ここ今村の信徒達がどのようにしてこの地に根づいたのか定かではないが、島原の乱(1637年) で弾圧をうけた信徒達がこの村に逃れてきた事がその始めであったと伝えられている。
弾圧の中、多くの信徒が隠れて信仰を守った。
1867年2月26日、浦上の四名の信徒により今村の潜伏信徒が発見され、浦上の信徒とひそかに交流を保ちながら信仰を守り通した。
キリスト教が解禁されたのは1873年(明治6)年である。
1879年(明治12)フランス人宣教師ジャン・マリ−・コ−ル師が始めて今村の信徒の司教に着任し、青木才八家の土蔵を教会代りに使用した。
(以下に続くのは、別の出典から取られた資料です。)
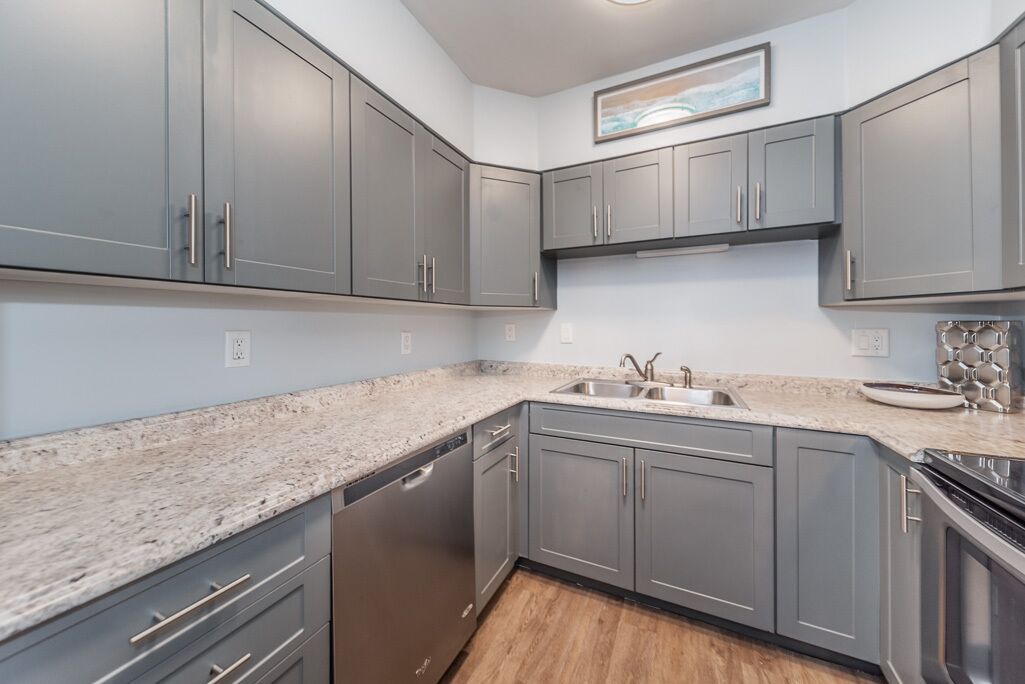 Photo of Kitchen in Downtown Dunedin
後任のソ−レ師により1881(明治14)年に信徒達が敬愛した殉教者ジョアン又右衛門の墓があったこの地に木造教会が建立された。
ロマネスク様式赤レンガ造りの現教会は1908(明治41)年に本田保神父により計画され、諸外国、特にドイツからの寄付、信徒達の労働奉仕のうえ1913(大正2)年に完成した。
設計・施工は当時長崎で多くの教会建築を手掛けた鉄川与助である。
国内に残るレンガ造りの教会としては貴重な存在である。 軟弱な地盤のため基礎工事には技術・コスト面で困難を極めたといわれる。
ステンドグラスはフランス製、柱は高良山の杉、レンガは千代田町迎島の五工場に特注したもの、石材は浮羽郡と西見(長崎県)産、内部に掲げてあるキリスト受難の14枚の聖絵はフランス製である。
外部・内部とも建設当初の状態が保たれ、明治後期から大正初期に建設された教会建築の様子を知ることができる。